# About this task:
Using the data below, restate exactly every line from the one with "Coat Rack, Coat" up to and including the one with "Original Samsung S5". No picture belongs in it.

# Information:
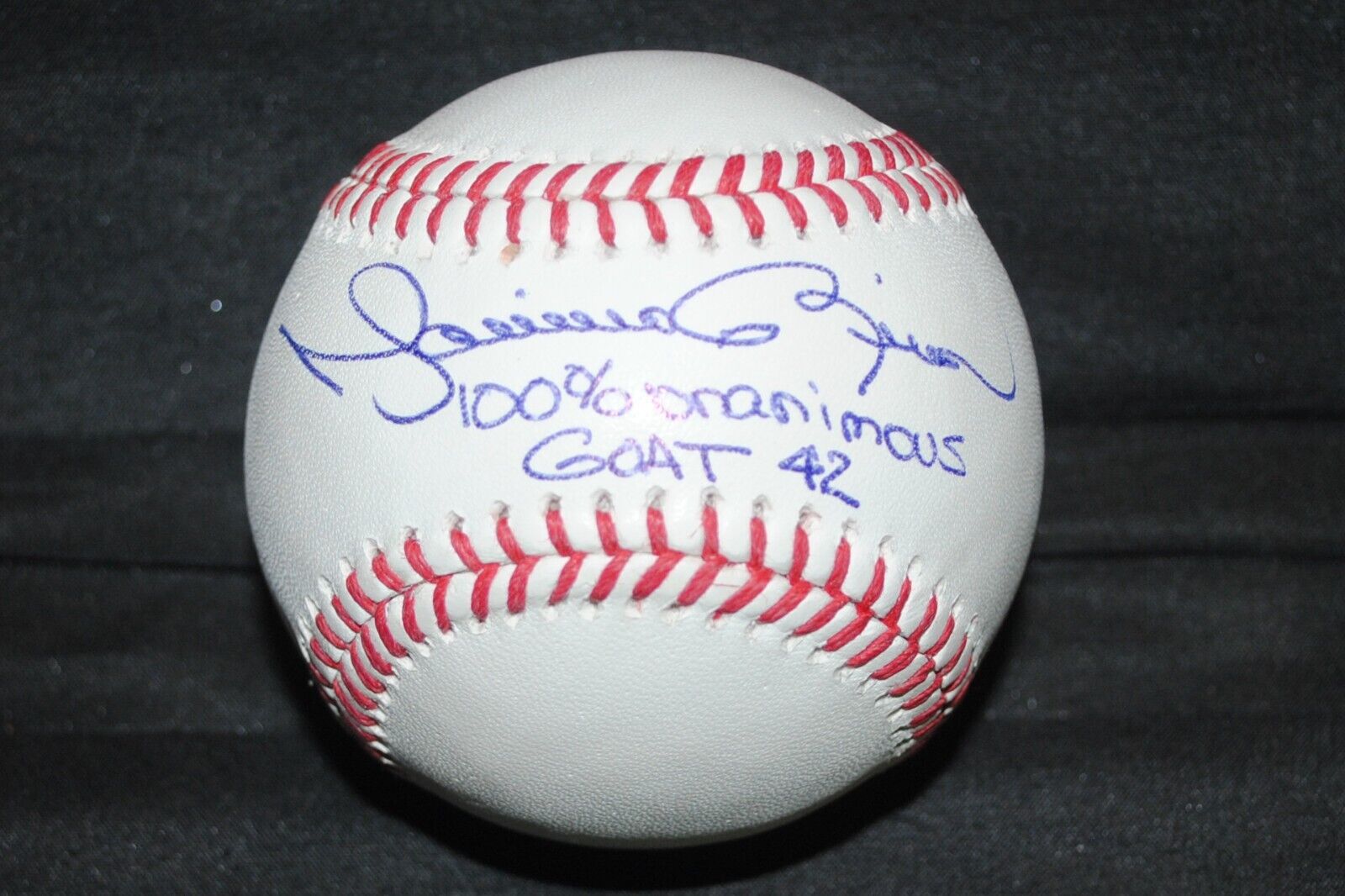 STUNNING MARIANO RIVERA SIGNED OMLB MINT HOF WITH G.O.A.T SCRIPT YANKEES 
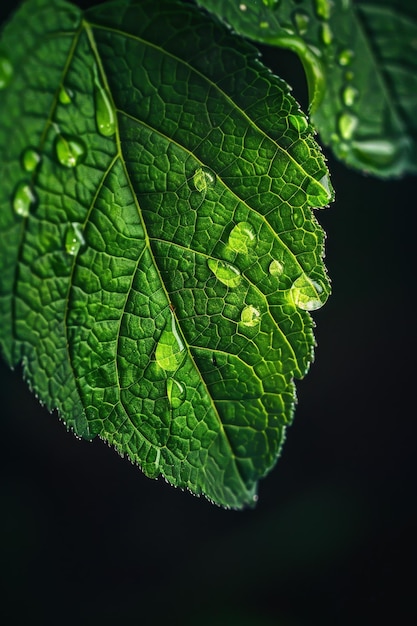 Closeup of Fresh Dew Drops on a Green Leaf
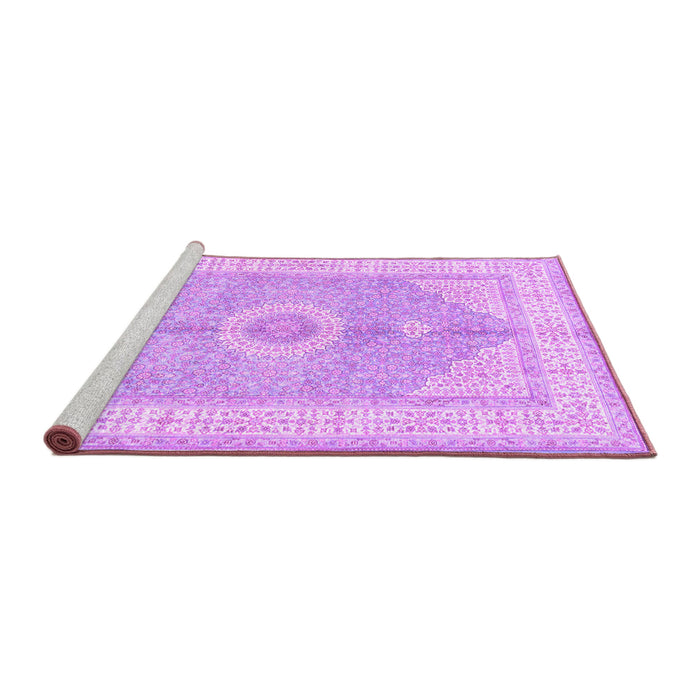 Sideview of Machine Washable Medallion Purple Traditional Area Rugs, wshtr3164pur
--
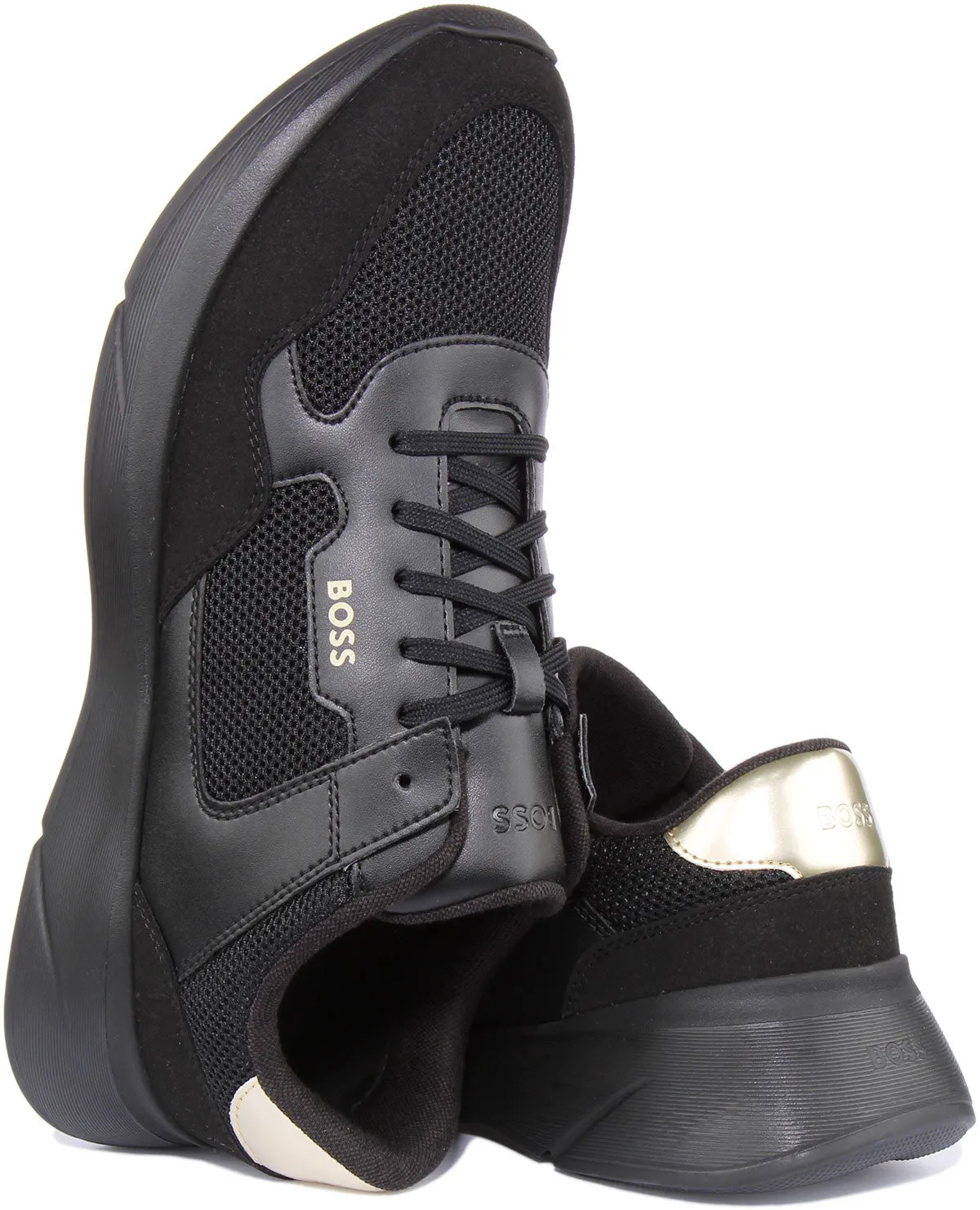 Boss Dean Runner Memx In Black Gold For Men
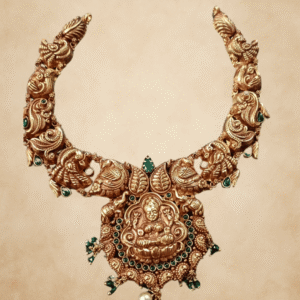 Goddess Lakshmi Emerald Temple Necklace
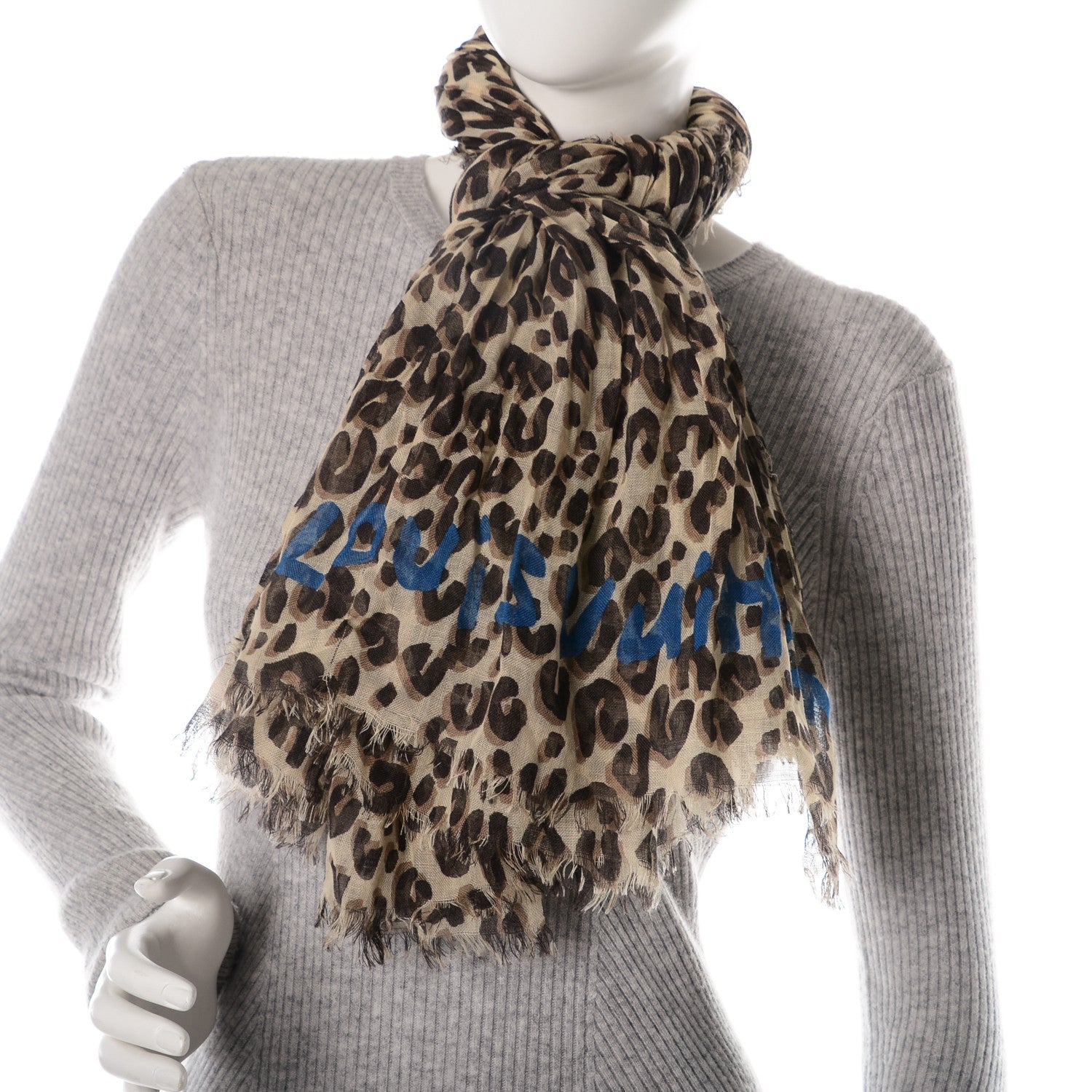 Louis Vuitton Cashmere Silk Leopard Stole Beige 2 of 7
* * *
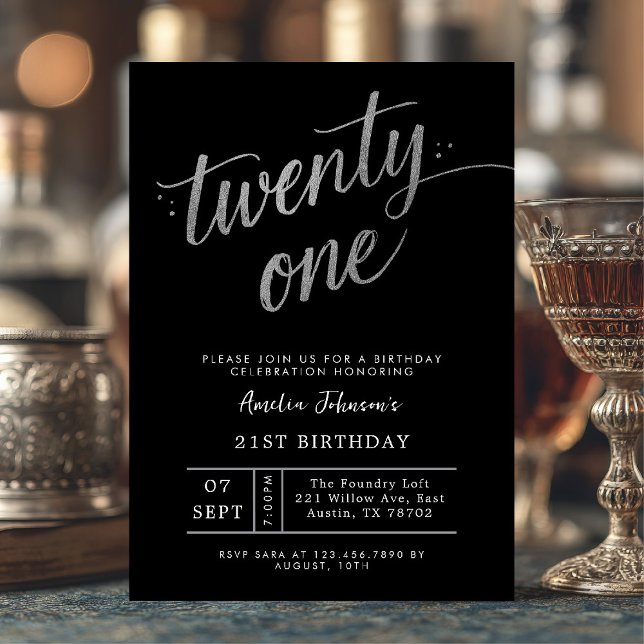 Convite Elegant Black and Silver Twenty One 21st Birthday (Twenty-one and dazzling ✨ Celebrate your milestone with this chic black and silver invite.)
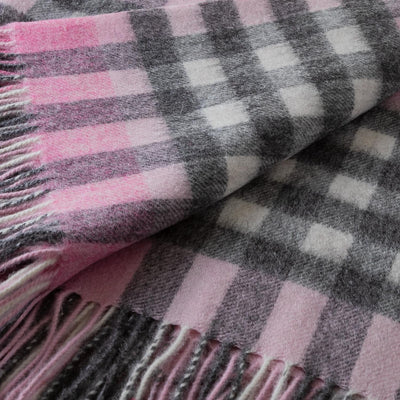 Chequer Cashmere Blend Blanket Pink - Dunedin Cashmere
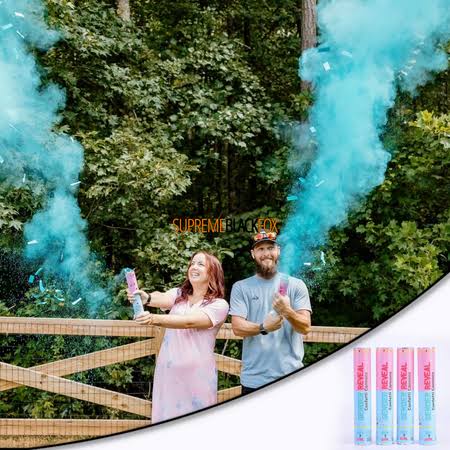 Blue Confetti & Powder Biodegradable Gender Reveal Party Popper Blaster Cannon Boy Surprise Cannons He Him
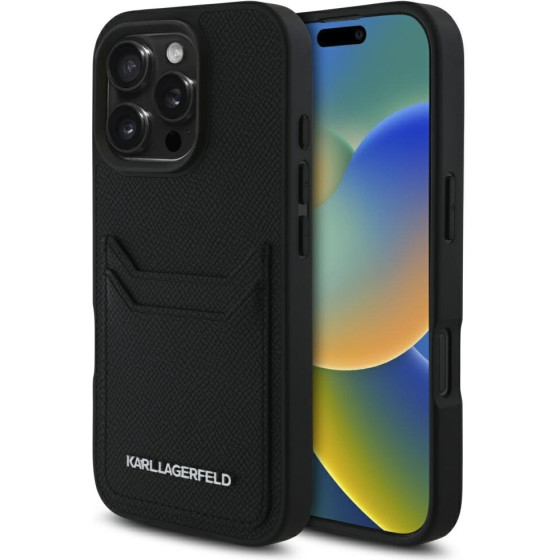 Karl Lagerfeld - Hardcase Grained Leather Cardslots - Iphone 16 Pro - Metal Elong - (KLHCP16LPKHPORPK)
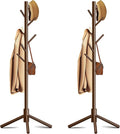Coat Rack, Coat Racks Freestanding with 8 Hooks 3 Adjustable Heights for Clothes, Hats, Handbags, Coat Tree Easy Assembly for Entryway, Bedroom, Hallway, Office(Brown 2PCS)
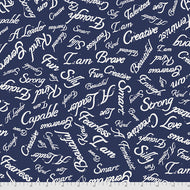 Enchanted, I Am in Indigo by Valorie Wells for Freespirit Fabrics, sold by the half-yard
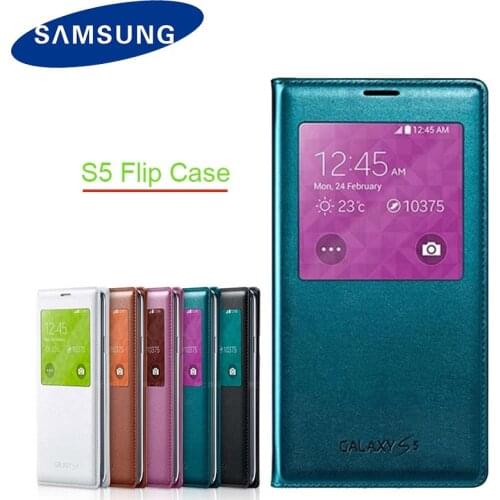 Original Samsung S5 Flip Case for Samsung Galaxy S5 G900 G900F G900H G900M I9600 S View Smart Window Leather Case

# Reply:
Coat Rack, Coat Racks Freestanding with 8 Hooks 3 Adjustable Heights for Clothes, Hats, Handbags, Coat Tree Easy Assembly for Entryway, Bedroom, Hallway, Office(Brown 2PCS)
 Enchanted, I Am in Indigo by Valorie Wells for Freespirit Fabrics, sold by the half-yard
 Original Samsung S5 Flip Case for Samsung Galaxy S5 G900 G900F G900H G900M I9600 S View Smart Window Leather Case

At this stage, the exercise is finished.